Pero además de esa versión “secular” del optimismo existe también otra, que podríamos llamar “religiosa”, ¿o acaso supersticiosa? Ese optimismo que pone su confianza en algún “ser superior” que mágicamente nos saque de nuestros problemas; es suficiente «creer con mucha fuerza» y organizar «cadenas de oración» en las redes sociales, y entonces ese ser estará obligado a respondernos y lo podremos obligar a cumplir nuestros encargos. Ese optimismo también se tambalea, y sería trágico para los cristianos confundirlo con “falta de fe” porque el fruto de la fe en Dios es la esperanza, no el optimismo. Y la esperanza no se apoya en la seguridad de que “todo va a salir bien”, sino en la certeza del amor de Dios que se expresa en la fuerza misteriosa de la Cruz que conduce hacia la Pascua.
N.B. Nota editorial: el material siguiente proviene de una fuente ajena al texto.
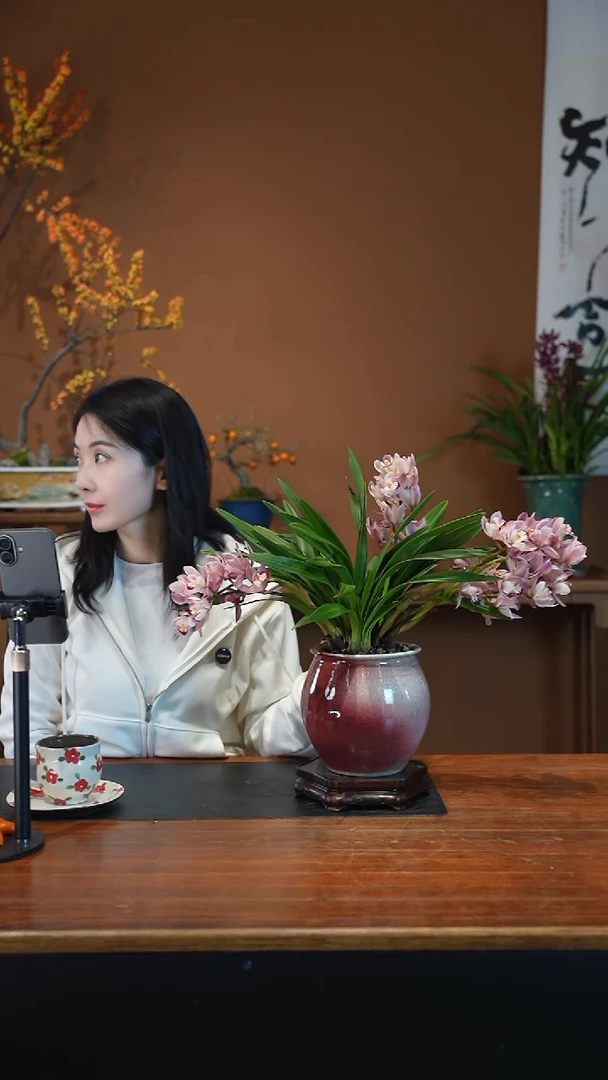 全部花朵樱花盆景盆景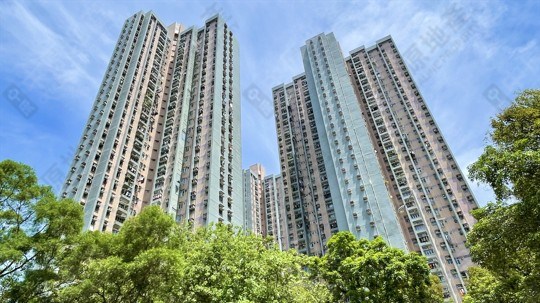 錦龍苑 龍昇閣 (D座) 高層 10室, 相片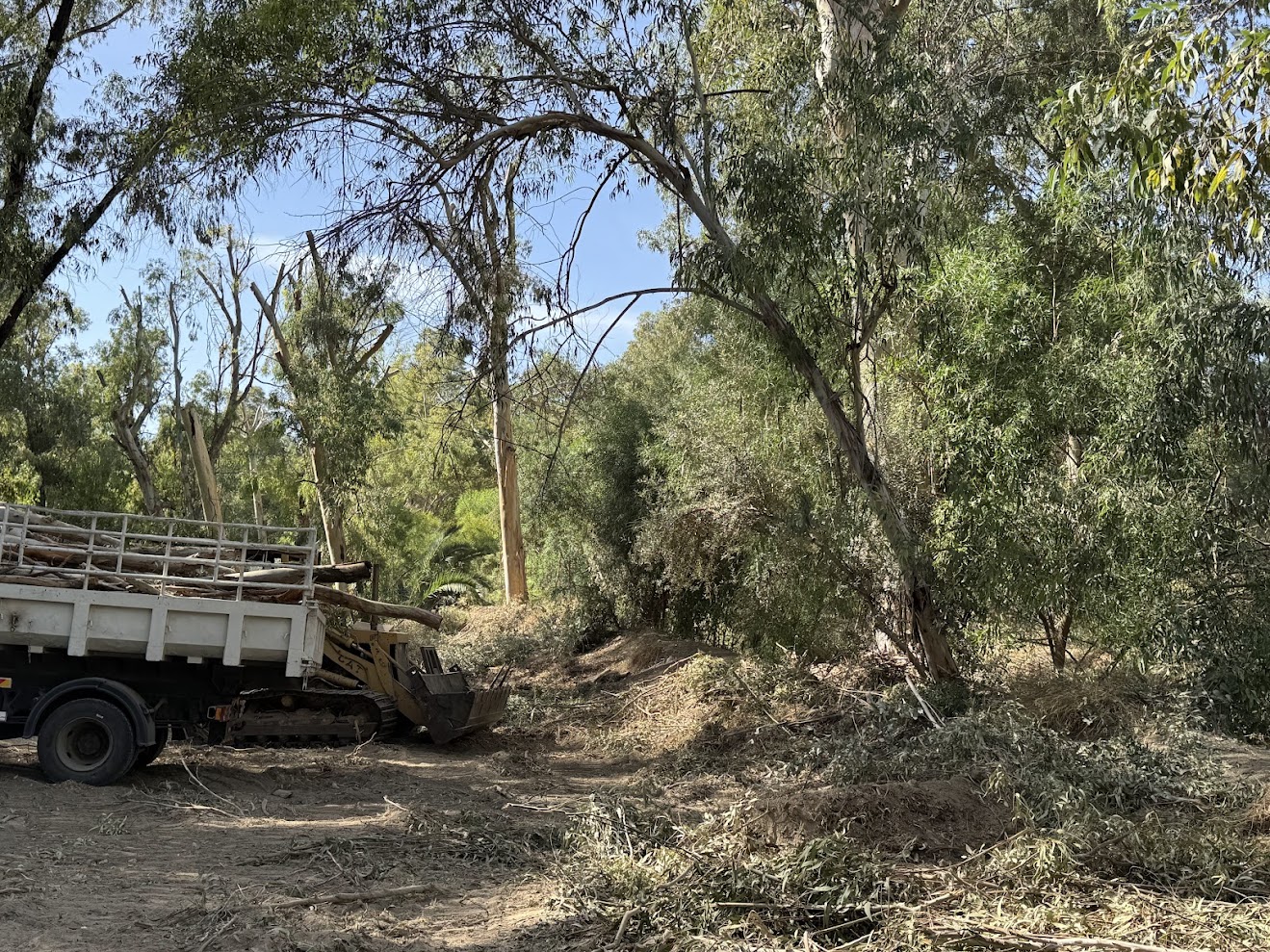cover Akademias park has shrunk even further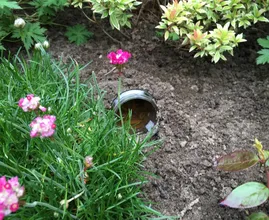 Plagen dich Schnecken im Garten? Mit diesem genialen Trick bestimmt nicht mehr!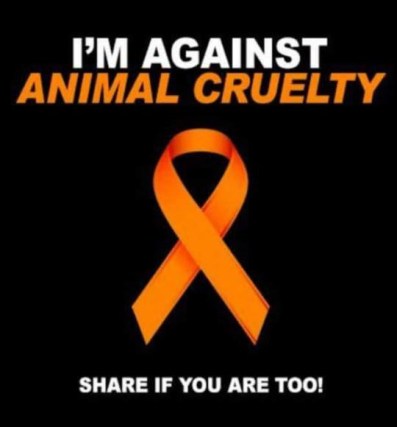 Cats, Texas, Veterinarian, Kristen Lindsey, Murdered cat with bow & arrow, Boasted about it on Facebook, Texas Veterinarian killes cat Mother takes pictures, animal abuse, cruelty to cats in Texas, Stop animal Abuse, Feral Cats, Homeless cats, TNR works, Ban hunting, Hunting is cruel, Hunting promotes violence, Justice for Tiger, Justice for Tiger Facebook page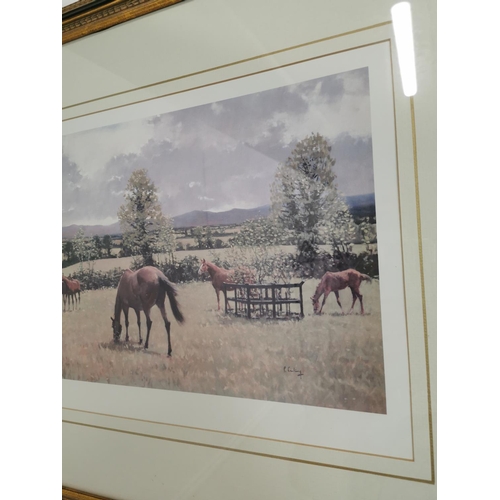 447 - Peter Curling Horses Grazing in Summer framed coloured print { 56cm H X 82cm W }.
Mientras la esperanza cristiana es apertura y voluntad de buscar el sentido a “la vida como venga”, como le gusta decir al Papa Francisco, el optimismo secular, o el «piadoso», solo intentan manipular la vida (o a Dios). Solo intentan mantenernos atrapados en nuestros pequeños planes y ambiciones, en nuestras ideas sobre lo que es bueno y justo, en esa presunción insensata de que nosotros siempre sabemos lo que es mejor. Estos dolorosos días exigen ser muy claros y valientes especialmente para rechazar el “optimismo religioso”. Con él se pretende desplazar la fe en Dios nuestro Padre hacia fáciles respuestas “devotas” que no se encuentran en ninguna palabra del Evangelio.
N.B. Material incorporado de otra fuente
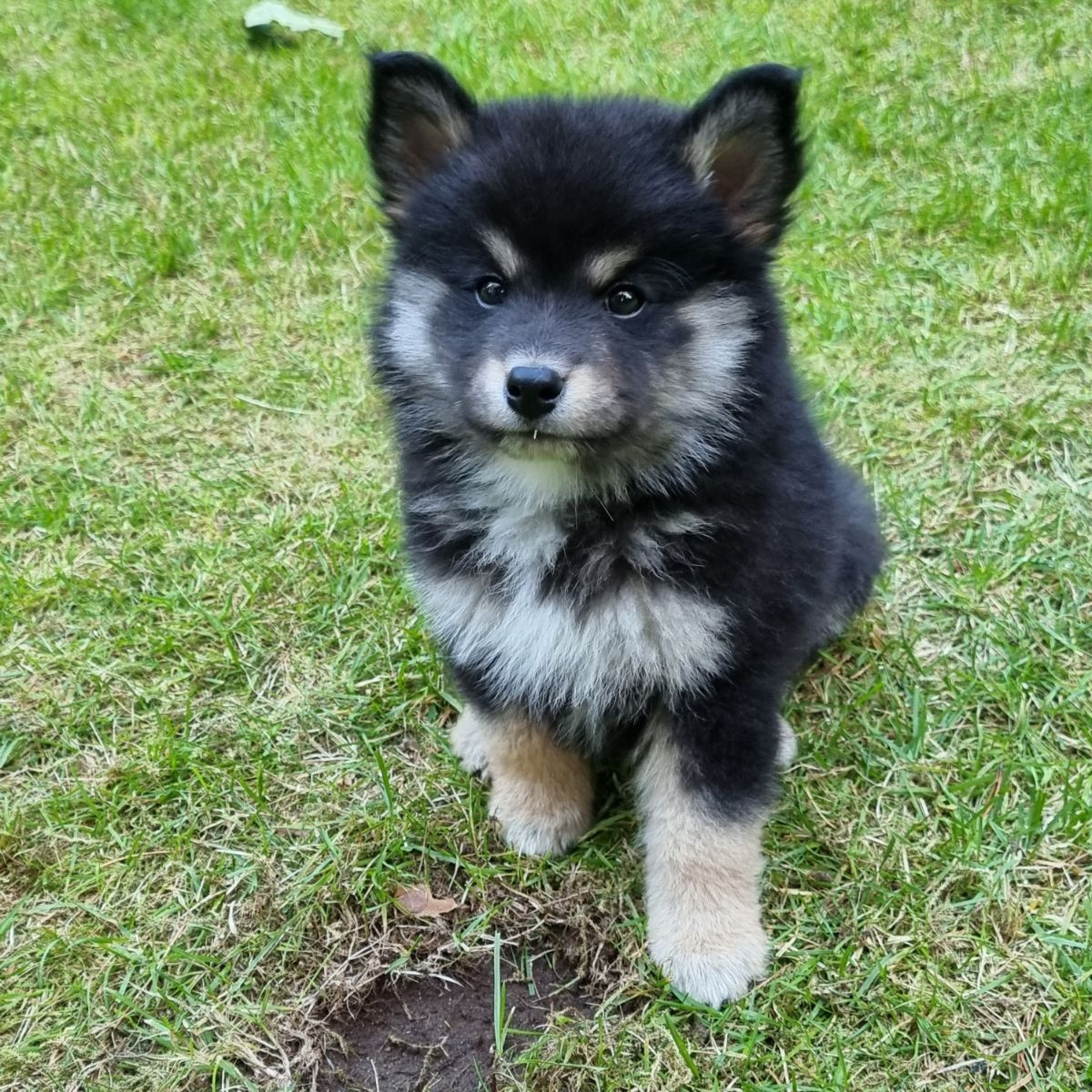 Finnish Lapphund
Atravesar las dificultades

Jesús no nos enseña a disfrazar las crisis ni a retroceder o huir ante ellas, mucho menos a aterrarnos ante el dolor o el sufrimiento. Él con sus palabras y su vida nos enseña a atravesar honestamente y con valentía las dificultades, a vivirlas hasta el final, hasta el extremo de invitarnos a compartir con él la experiencia definitiva: “Dios mío, Dios mío ¿por qué me has abandonado?”. Animar a esa actitud ante la vida, no esquivar las crisis, cargar con la propia cruz, es una de las aportaciones más valiosas del cristianismo a la historia de la humanidad. Nuestra fe no es en primer lugar un catecismo que actúa como una vacuna contra el sufrimiento, sino un camino; el camino del seguimiento de Aquel que no esquivó la oscuridad del Viernes Santo ni el “descenso a los infiernos”.
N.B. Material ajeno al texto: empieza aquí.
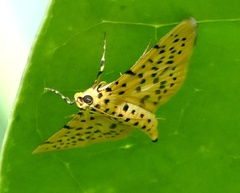 Conogethes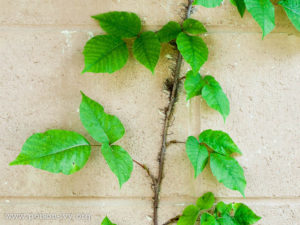 Poison Ivy, Fire Ants, Climbing Ivy, showing alternate leaf pattern, BlueSkyRain.com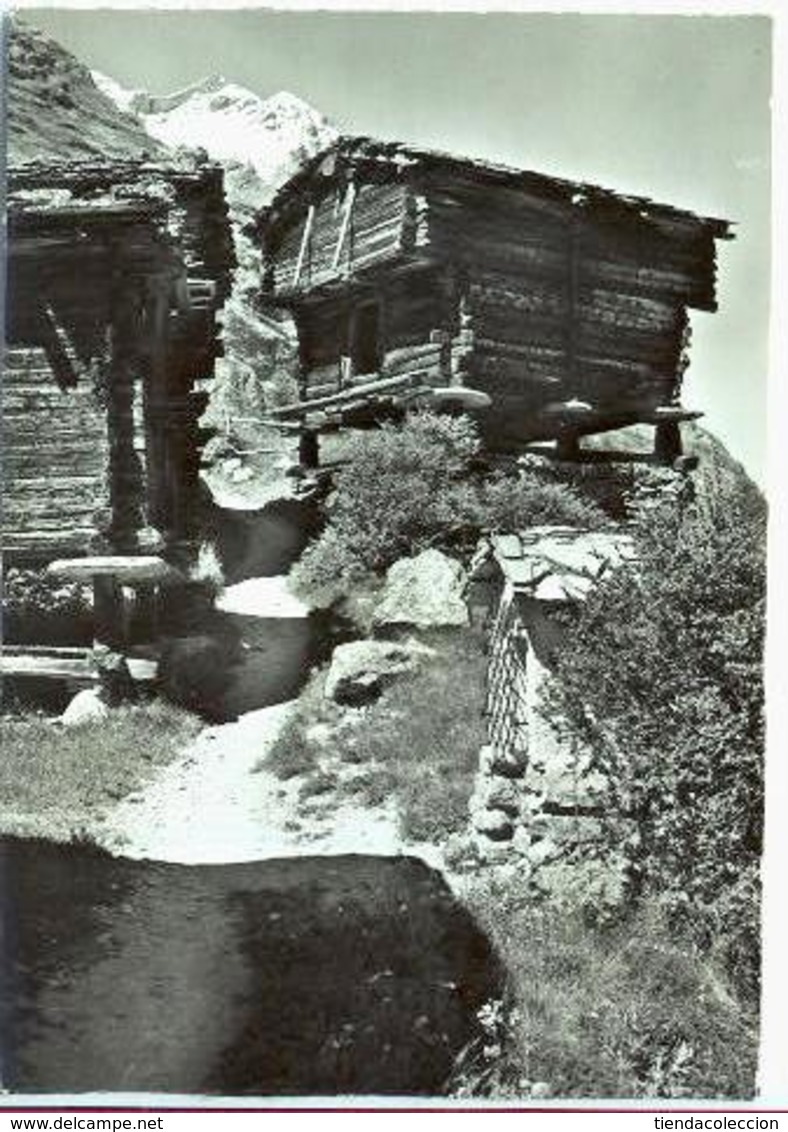 Zermatt.- Winkelmatten, Matterhorn - Matten Bei Interlaken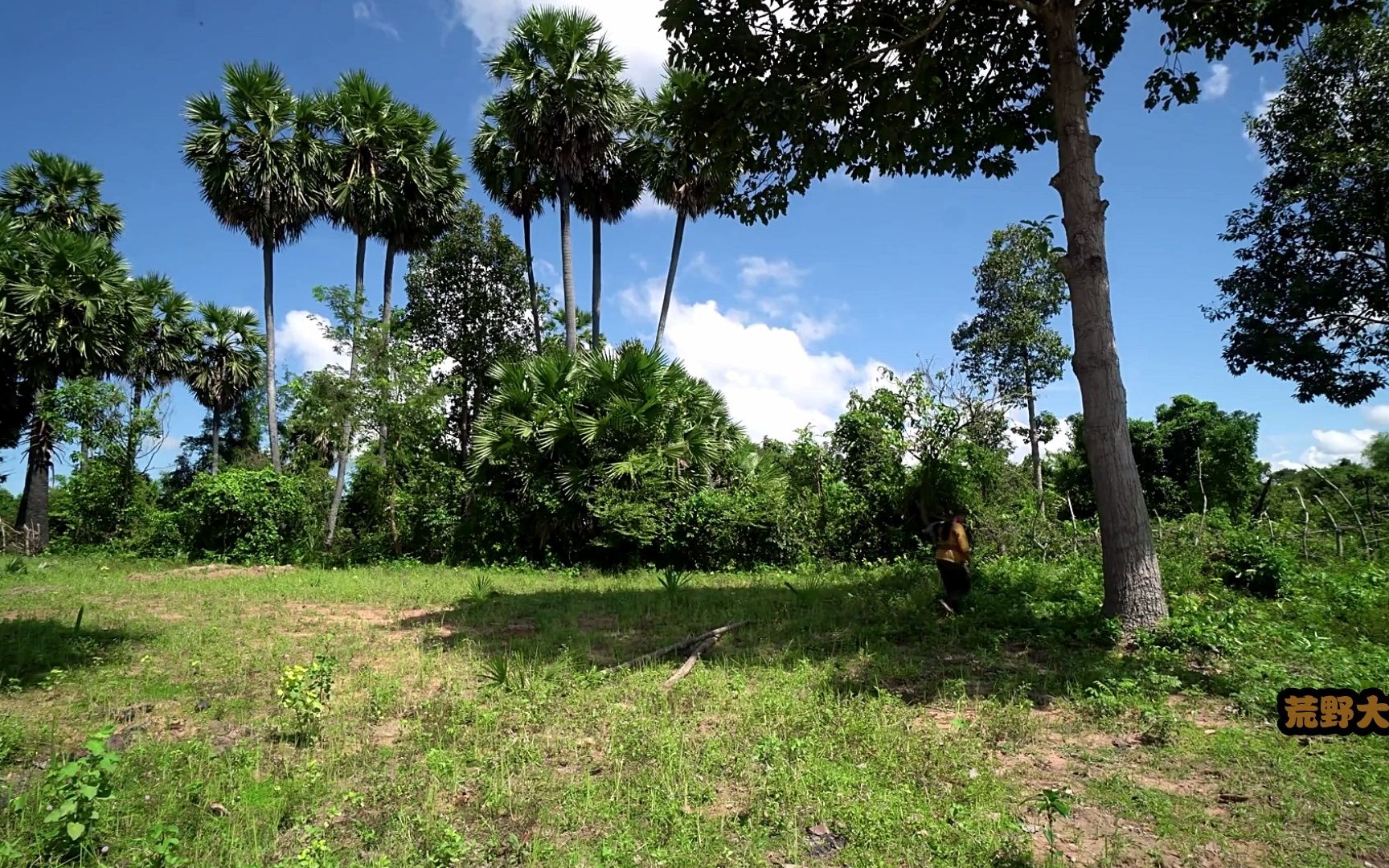 美女独自踏入荒野丛林,依山傍树建出三层高楼,男人看完自愧不如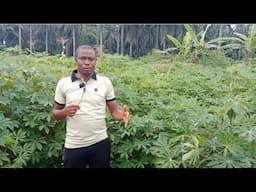 Cassava business; boring multi- million dollars sector // Easy and quick returns on investments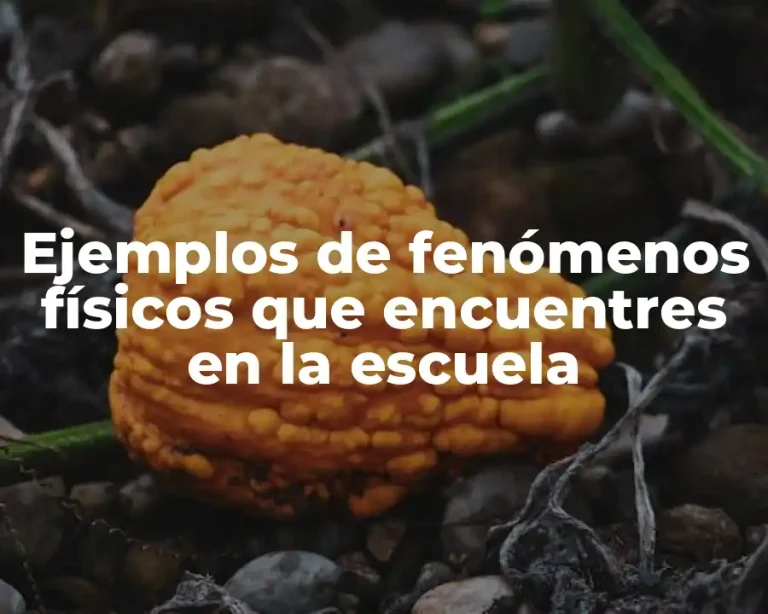 Ejemplos de fenómenos físicos que encuentres en la escuela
Quizás estos días de Getsemaní que estamos atravesando sean una extraordinaria oportunidad para ser más maduros y adultos en la fe, para convertir el misterio de la Pascua, que celebramos en cada eucaristía, en la auténtica clave que nos permita una nueva comprensión de nuestra vida y nuestro destino de hijos de Dios.

¿Por qué tenemos tanto miedo? ¿No nos habla Dios a través de estos hechos como nos habló mediante el relato que recordamos cada Semana Santa? ¿Por qué no abandonar los optimismos para abrazar la esperanza? Como nos recuerda San Pablo: “¿Quién nos separará del amor de Cristo? ¿la tribulación?, ¿la angustia?, ¿la persecución?, ¿el hambre?, ¿la desnudez?, ¿los peligros?, ¿la espada? … en todo esto salimos vencedores gracias a aquel que nos amó.” (Rm 8,35).